Para ile imanın kimde olduğu belli olmaz.
Para, herkese gösterilen şeylerden değildir.
İman da kalp işidir. Kişinin içindedir. Bundan dolayı kimin ne kadar parası bulunduğunu, kimin ne denli Allah'a yakın olduğunu kimse bilemez. Sadece Allah bilir.
Vatan, bayrak sevgisi de öyledir.
Allah göstermesin vatanımız tehlikeye düştüğünde kimin ilk kurşunu atacağı belli olmaz.

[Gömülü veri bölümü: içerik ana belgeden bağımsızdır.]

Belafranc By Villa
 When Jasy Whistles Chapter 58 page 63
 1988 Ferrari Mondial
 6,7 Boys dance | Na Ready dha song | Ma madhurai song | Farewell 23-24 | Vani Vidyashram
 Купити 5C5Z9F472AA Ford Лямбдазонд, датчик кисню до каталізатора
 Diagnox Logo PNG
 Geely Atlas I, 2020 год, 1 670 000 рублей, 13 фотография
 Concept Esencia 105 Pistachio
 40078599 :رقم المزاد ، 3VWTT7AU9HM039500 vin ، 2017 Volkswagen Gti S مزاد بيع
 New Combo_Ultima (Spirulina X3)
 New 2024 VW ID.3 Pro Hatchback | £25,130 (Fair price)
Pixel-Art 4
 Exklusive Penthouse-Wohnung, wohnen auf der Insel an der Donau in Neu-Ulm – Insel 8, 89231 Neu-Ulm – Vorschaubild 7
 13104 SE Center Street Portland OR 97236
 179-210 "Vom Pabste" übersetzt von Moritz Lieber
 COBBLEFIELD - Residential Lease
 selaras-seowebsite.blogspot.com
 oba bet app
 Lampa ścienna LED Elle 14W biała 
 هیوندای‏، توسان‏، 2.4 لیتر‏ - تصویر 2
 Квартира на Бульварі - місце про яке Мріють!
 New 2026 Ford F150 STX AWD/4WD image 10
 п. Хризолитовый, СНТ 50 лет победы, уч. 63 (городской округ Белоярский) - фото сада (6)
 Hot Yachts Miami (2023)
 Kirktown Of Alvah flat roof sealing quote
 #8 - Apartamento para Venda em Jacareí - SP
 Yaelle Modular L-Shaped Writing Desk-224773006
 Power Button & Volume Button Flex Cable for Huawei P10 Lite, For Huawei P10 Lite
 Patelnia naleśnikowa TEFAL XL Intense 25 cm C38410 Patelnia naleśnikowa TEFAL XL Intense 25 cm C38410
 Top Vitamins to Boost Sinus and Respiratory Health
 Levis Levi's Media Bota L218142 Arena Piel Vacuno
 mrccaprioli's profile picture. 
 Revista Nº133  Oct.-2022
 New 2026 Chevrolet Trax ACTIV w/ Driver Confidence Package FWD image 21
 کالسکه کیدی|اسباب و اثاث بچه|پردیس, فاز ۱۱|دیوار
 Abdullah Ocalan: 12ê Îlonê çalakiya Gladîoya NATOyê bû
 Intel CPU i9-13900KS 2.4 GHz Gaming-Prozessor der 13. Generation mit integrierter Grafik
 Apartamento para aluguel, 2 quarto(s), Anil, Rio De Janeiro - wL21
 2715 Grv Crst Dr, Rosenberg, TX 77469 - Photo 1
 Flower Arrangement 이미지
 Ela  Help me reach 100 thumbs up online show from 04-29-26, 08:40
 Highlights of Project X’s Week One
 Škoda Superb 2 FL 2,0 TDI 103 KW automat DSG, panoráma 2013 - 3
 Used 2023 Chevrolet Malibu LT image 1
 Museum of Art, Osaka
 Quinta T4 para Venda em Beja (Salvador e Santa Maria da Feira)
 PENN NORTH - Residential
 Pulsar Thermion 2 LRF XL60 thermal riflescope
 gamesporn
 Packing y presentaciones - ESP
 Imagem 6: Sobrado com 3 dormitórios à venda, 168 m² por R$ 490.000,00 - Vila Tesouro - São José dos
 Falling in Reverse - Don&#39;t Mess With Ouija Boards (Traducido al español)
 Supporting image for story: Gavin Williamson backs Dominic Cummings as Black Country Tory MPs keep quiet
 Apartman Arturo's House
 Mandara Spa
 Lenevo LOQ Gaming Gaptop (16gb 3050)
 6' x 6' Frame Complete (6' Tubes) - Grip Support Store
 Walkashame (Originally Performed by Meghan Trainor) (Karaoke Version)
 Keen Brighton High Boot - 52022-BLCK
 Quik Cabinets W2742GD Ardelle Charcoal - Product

İzmir’de Hasan Tahsin, Maraş’ta Sütçü İmam, Antep’te Şahin bey, Erzurum'da Nene Hatun... Yeri gelmişken hemşehrimiz Araştırmacı - Yazar Mevlüt Yılmaz Uluğtekin’in kulaklarını çınlatmak istiyorum. Yayınlanmış 10’a yakın eseri var.
Bana bir hatırasını anlatmıştı. Onu sizinle paylaşmak istiyorum.
Mevlüt abi anlatıyor;
-Bir gün Ankara-Kızılay’da ana cadde üzerinde bir kafede oturuyorum. Caddede o gün bayrak yürüyüşü yapılıyor. Herkesin elinde bayrak caddede yürüyorlar. Hemen karşı masada da bir genç oturuyor. Saç baş birbirine karışmış.
İçimden;
-Yeni yetişen gençler böyle işte. N’olacak. Şu hippi kılıklı gençler mi Atatürk’ün kurduğu bu cumhuriyeti koruyup, kollayacak” diye iç geçirirken, aniden o genç kalktı, kalabalığın yanında bayrak satan bayrakçıya seslendi:
-Hey bayrakçı gel buraya, dedi.
Kucağında ben deyim, yüz, siz deyin yüz elli bayrak olan bayrakçı koşarak gencin yanına geldi.
Genç, bayrak satana;
-Kucağında kaç bayrak var, dedi.
Bayrakçı;
-Sayarız abi , dedi.
Genç;
-Peki say, dedi.
Ben oturduğum masadan izliyorum.. Bayrakları saydılar. Bayrakçının kucağındaki tüm bayrakları satın alan genç parasını verdi tekrar bayrakçıya döndü ve şunları söyledi:
-Bu bayrakları elinde bayrak olmayan şu çocukların hepsine dağıt.
Ben donakaldım.
Kendi kendime;
-Hey Müvlüt Yılmaz. Sen Mehmetçik’e en güzel şiir de yazsan, sayfalar dolusu kitapta yazsan bu sevgiyi, işte şu an şahit olduğun bayrak sevgisini, vatan sevgisini bundan daha güzel anlatabilir misin!
Kendi kendime;
-Hayır anlatamam, dedim. Yüzüm kızardı. Tüylerim diken diken oldu. Mahcup, utangaç halimle oturduğum sandalyeden kalktım, gittim o gencin gözlerinden öptüm.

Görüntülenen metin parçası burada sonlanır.